-- TASK REQUIREMENTS --
Pictures do not belong in the copy; retype the records below exactly.

-- DATA FOR THE TASK --

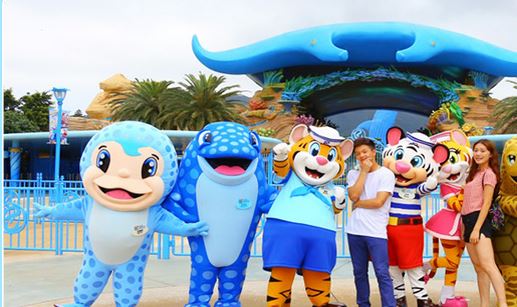 带小孩珠海长隆海洋王国攻略最新,暑假母子俩游览珠海长隆海洋世界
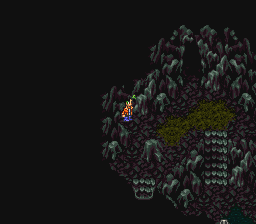 死者の井戸にある隠し通路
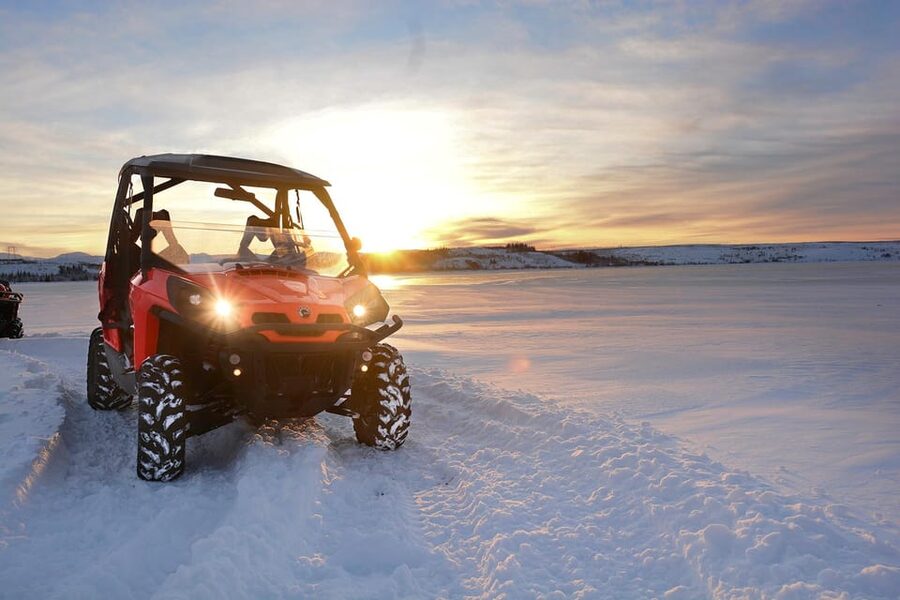 Buggy & Sky Lagoon tour - Sky Lagoon: The 7-Step Ritual, Geothermal Pools, and Ocean Views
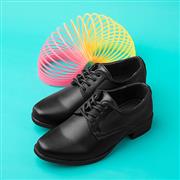 Beckett Carlo Boys Black Lace Up School Shoe (Click For Details)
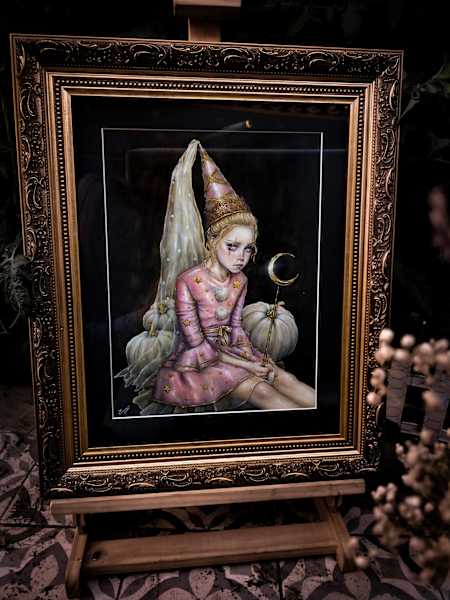 Princess Pierrot by Enys Guerrero, Image 2.
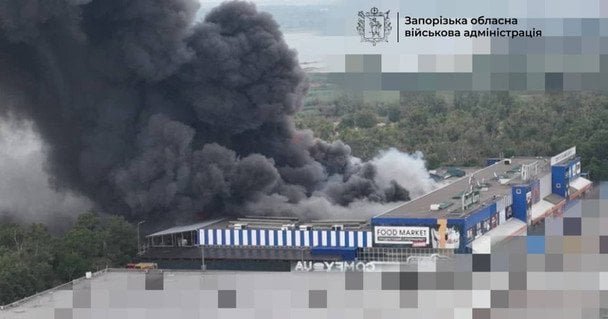 удар по Епіцентру в обласному центрі — наслідки ракетного обстрілу торгового центру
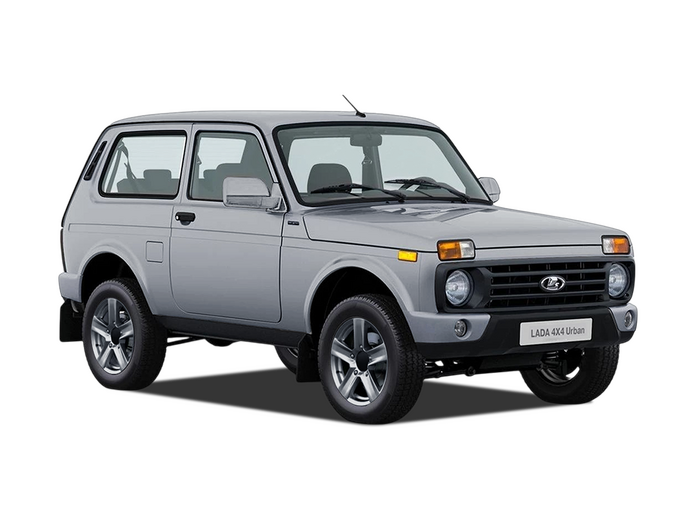 Lada 4х4 Urban 3 дв. Серебристый "Платина" - металлик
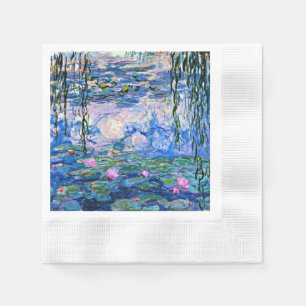 Claude Monet - Water Lilies, 1919, Serviette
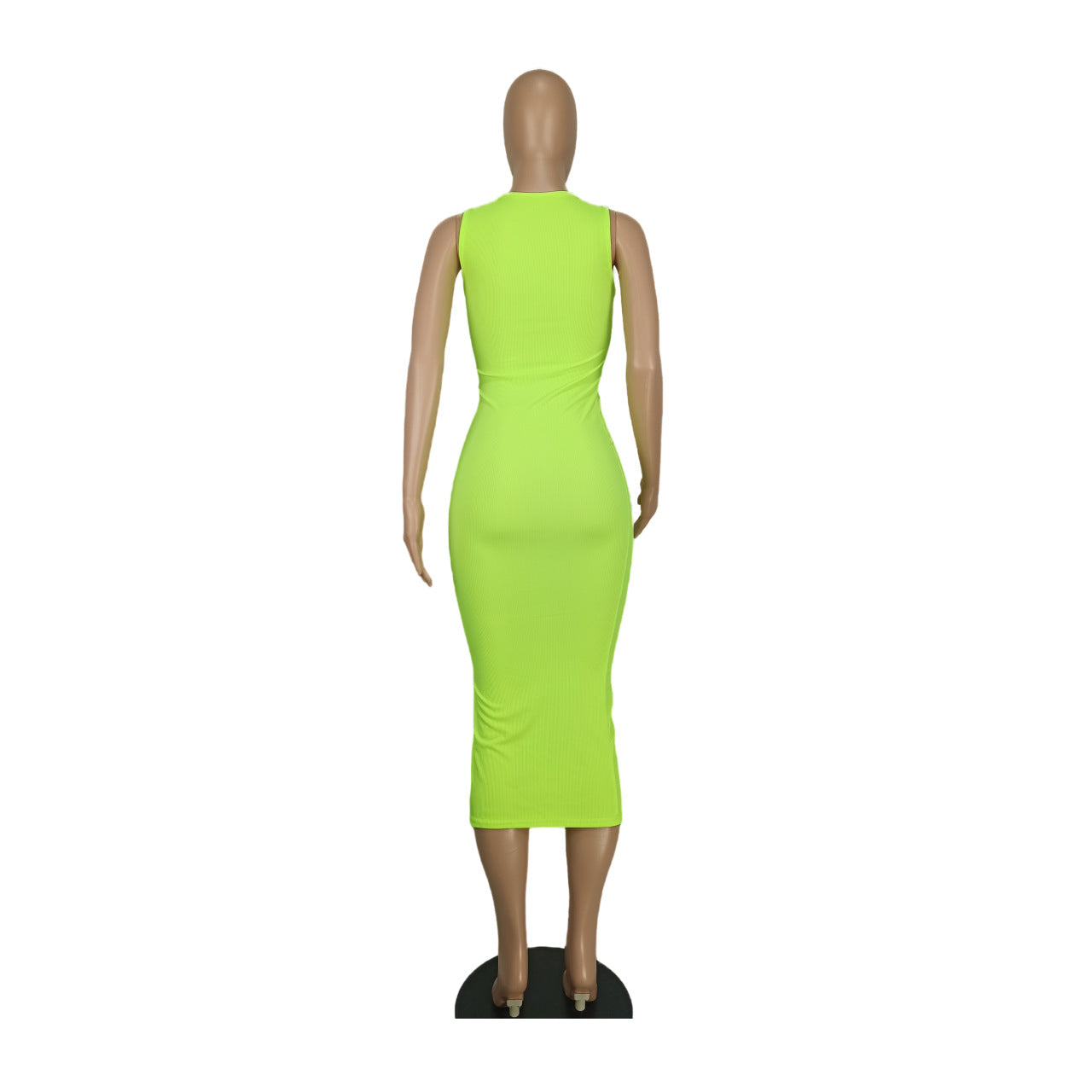 Women Sexy Ribbed Sundress 13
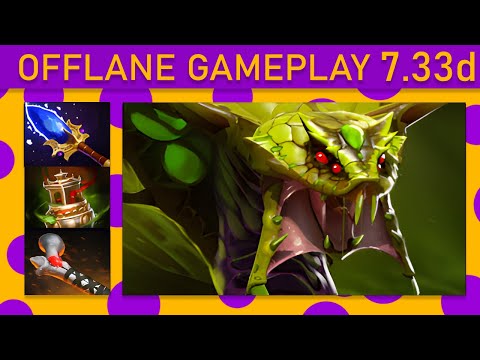 ✨75% Kill participation! Gabbi Venomancer Offlane Gameplay - Dota 2 Top MMR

-- FINAL ANSWER --
 带小孩珠海长隆海洋王国攻略最新,暑假母子俩游览珠海长隆海洋世界
 死者の井戸にある隠し通路
 Buggy & Sky Lagoon tour - Sky Lagoon: The 7-Step Ritual, Geothermal Pools, and Ocean Views
 Beckett Carlo Boys Black Lace Up School Shoe (Click For Details)
 Princess Pierrot by Enys Guerrero, Image 2.
 удар по Епіцентру в обласному центрі — наслідки ракетного обстрілу торгового центру
 Lada 4х4 Urban 3 дв. Серебристый "Платина" - металлик
 Claude Monet - Water Lilies, 1919, Serviette
 Women Sexy Ribbed Sundress 13
 ✨75% Kill participation! Gabbi Venomancer Offlane Gameplay - Dota 2 Top MMR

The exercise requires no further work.